#### TASK TO CARRY OUT
Below are the entries; give again exactly the lines from the one mentioning "Crowd of spectators" through the one mentioning "Mid Century Modern", inclusive.

#### EXERCISE MATERIAL
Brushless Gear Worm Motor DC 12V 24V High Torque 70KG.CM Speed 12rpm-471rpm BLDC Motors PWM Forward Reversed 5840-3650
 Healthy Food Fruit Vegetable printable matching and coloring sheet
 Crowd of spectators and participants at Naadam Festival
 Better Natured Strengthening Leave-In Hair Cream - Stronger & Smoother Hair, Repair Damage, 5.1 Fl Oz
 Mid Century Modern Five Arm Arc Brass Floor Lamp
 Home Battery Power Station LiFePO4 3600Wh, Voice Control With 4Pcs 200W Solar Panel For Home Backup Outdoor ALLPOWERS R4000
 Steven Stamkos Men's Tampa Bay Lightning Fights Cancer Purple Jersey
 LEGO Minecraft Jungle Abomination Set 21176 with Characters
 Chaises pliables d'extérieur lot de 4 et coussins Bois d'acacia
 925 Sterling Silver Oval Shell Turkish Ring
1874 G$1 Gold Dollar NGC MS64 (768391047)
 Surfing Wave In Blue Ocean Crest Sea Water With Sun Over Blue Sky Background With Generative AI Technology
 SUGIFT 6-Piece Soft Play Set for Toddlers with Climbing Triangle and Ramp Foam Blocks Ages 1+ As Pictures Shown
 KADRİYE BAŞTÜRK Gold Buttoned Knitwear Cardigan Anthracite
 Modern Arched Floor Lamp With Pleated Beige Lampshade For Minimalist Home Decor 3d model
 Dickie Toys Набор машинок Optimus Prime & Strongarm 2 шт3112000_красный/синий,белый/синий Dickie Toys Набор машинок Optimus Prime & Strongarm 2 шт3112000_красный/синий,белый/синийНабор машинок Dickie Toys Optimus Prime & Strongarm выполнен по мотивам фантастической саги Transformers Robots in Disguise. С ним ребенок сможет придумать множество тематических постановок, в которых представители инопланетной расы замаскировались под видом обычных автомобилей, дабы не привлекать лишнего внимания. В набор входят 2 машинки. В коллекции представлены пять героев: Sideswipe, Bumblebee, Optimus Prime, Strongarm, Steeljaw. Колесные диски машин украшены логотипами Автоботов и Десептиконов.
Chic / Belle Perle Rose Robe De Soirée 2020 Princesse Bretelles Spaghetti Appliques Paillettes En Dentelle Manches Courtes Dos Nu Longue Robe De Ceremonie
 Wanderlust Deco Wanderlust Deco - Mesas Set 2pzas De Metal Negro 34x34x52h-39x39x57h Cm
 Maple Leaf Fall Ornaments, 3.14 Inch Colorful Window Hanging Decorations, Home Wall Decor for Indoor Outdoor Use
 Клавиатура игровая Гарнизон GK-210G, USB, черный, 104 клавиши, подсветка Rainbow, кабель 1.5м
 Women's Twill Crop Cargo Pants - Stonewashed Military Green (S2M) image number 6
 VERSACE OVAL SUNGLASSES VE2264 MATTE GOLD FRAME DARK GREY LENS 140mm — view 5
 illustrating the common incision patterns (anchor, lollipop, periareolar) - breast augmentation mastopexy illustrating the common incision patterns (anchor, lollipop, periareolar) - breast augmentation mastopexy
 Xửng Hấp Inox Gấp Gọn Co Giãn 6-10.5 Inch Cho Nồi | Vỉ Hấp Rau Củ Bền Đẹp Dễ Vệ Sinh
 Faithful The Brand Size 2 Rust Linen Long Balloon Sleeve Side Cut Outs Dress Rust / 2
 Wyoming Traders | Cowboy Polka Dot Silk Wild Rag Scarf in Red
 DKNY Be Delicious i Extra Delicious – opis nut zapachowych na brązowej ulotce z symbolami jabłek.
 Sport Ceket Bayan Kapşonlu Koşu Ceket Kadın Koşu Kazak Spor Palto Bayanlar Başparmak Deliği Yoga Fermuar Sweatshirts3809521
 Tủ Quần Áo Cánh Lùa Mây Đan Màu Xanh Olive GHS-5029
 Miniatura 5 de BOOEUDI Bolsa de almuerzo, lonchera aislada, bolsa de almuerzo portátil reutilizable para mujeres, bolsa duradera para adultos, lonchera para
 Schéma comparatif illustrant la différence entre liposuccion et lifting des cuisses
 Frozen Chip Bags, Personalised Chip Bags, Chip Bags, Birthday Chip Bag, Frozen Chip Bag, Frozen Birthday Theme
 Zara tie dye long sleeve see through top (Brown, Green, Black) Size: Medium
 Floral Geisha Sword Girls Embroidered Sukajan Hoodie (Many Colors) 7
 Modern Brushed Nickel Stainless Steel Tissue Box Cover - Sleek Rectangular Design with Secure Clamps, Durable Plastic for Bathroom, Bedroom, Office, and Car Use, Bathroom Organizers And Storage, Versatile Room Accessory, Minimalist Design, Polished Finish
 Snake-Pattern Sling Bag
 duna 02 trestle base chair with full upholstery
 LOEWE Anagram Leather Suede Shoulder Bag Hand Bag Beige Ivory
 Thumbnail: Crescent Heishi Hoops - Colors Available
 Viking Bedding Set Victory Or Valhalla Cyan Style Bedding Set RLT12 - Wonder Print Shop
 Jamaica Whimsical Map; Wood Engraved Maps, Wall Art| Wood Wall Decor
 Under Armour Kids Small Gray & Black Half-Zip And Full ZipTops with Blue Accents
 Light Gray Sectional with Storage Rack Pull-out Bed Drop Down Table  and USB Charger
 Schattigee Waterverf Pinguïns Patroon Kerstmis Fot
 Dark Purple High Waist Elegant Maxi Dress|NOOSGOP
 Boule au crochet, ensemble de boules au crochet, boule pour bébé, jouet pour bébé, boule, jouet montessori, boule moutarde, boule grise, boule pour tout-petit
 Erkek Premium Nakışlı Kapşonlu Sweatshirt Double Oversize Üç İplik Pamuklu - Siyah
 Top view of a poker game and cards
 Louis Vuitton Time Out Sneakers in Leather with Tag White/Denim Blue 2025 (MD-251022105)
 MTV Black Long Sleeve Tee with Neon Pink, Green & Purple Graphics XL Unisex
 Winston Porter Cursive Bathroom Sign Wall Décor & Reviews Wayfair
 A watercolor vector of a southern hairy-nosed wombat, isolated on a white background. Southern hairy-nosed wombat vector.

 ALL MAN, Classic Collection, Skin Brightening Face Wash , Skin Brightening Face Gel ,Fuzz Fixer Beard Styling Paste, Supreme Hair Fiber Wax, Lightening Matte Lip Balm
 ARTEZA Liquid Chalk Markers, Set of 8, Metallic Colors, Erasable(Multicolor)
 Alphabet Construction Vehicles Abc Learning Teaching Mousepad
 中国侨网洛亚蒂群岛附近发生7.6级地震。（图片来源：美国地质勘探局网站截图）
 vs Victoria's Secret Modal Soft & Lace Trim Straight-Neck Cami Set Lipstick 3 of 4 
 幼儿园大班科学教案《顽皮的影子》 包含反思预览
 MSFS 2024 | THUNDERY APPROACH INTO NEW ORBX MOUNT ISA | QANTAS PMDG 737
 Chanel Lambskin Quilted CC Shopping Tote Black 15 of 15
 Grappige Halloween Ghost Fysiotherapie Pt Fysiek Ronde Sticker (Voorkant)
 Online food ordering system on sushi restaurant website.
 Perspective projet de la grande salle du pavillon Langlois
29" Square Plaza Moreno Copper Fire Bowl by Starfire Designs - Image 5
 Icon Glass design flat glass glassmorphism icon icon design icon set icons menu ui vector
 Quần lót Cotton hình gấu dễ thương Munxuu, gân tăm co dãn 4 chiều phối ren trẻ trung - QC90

#### REPLY TO THE EXERCISE
 Crowd of spectators and participants at Naadam Festival
 Better Natured Strengthening Leave-In Hair Cream - Stronger & Smoother Hair, Repair Damage, 5.1 Fl Oz
 Mid Century Modern Five Arm Arc Brass Floor Lamp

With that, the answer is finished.